Station : La chute d’Al Robertson

Ce Fist est frappant.. et un peu flippant!

Denoël/ Lunes d’encre

 

Station est un roman que j’attendais avec une impatience certaine tant les échos outre-atlantique étaient bons. Il s’agit d’un premier roman – encore un – de SF qui allie fond, action et « forme ».

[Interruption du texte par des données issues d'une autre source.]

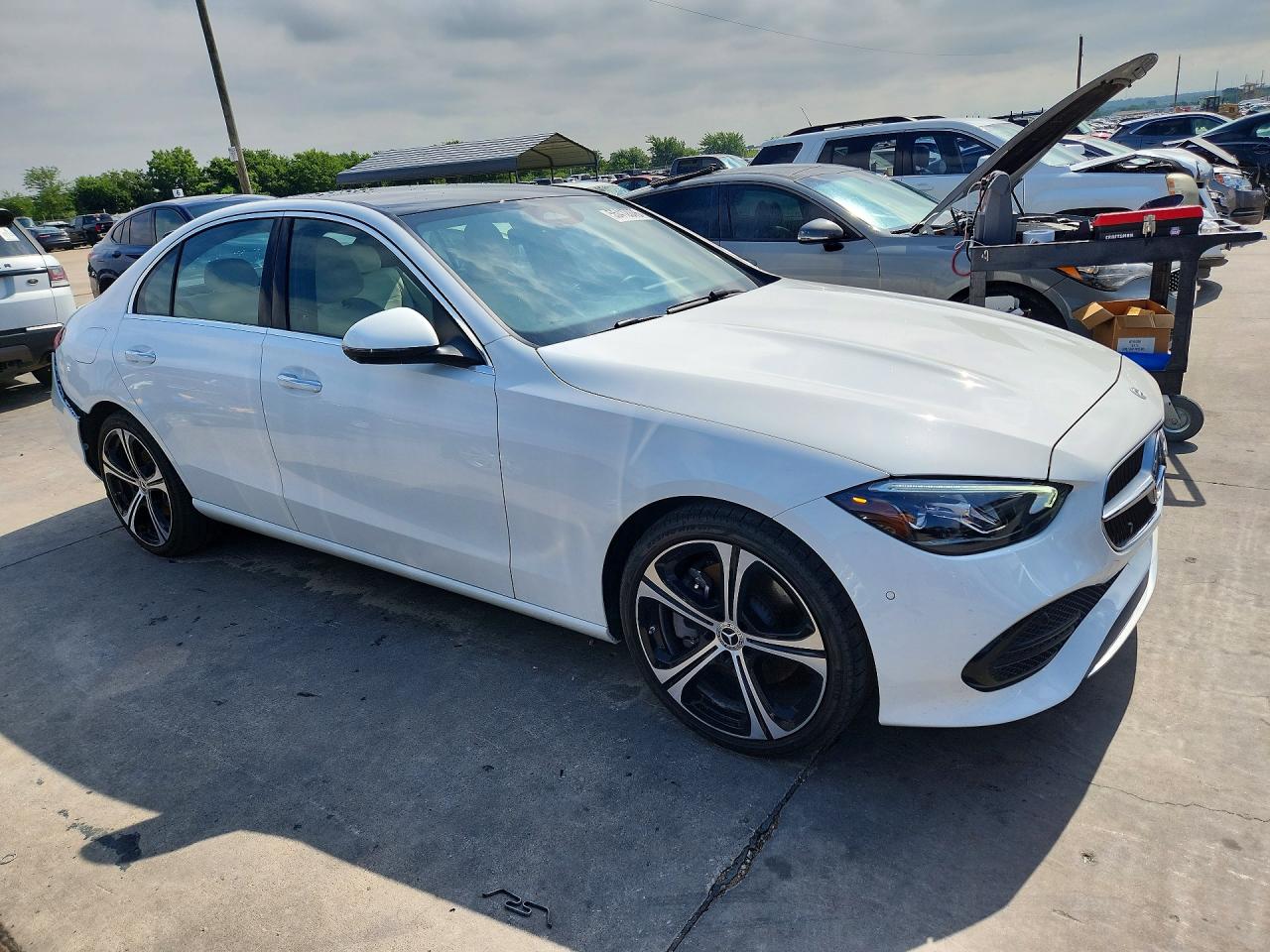 2024 MERCEDES-BENZ C C300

« Après sept ans de Guerre Logicielle entre les intelligences artificielles rebelles de la Totalité et l’humanité – dirigée par les dieux du Panthéon, des consortiums qui se manifestent très rarement à leurs adorateurs –, la Terre n’est plus qu’un gigantesque champ de ruines. La plupart des humains ayant échappé au conflit vivent à bord de Station, un immense complexe spatial.
Jack Forster a combattu les IA de la Totalité pour le compte du Panthéon, secondé par Hugo Fist, une marionnette virtuelle, un logiciel de combat ultra-sophistiqué installé en lui. Considéré comme un traître parce qu’il s’est rendu à la Totalité, Jack revient des confins du système solaire pour laver son honneur et trouver sur Station les réponses aux questions qui le taraudent depuis sept ans.
Mais le temps presse : le contrat de licence de Fist arrive bientôt à échéance ; au-delà, c’est la marionnette qui prendra le contrôle, effaçant irrémédiablement l’esprit de Jack, le condamnant au néant.« 

Voici un résumé qui donne un contexte  – sans rien dévoiler de l’intrigue en elle-même (ouf!) – dans une veine cyberpunk marquée. Effectivement, Guerre Logicielle et IA sont des composantes intégrantes et incontournables de ce récit. Les marqueurs clés de ce sous-genre de la SF sont bien présents que ce soit l’aspect dystopique, une certaine violence, une composante hard-sf, des héros non héroïques tout comme la technologie de l’information. Si vous êtes familiers de l’œuvre de Gibson ou plus récemment de Richard Morgan (la nouvelle série Netflix met en lumière un roman phare, Carbone modifié), vous ne serez pas dépaysés. Au contraire, ce sera avec une certaine délectation que vous plongerez dans ce texte relativement sombre.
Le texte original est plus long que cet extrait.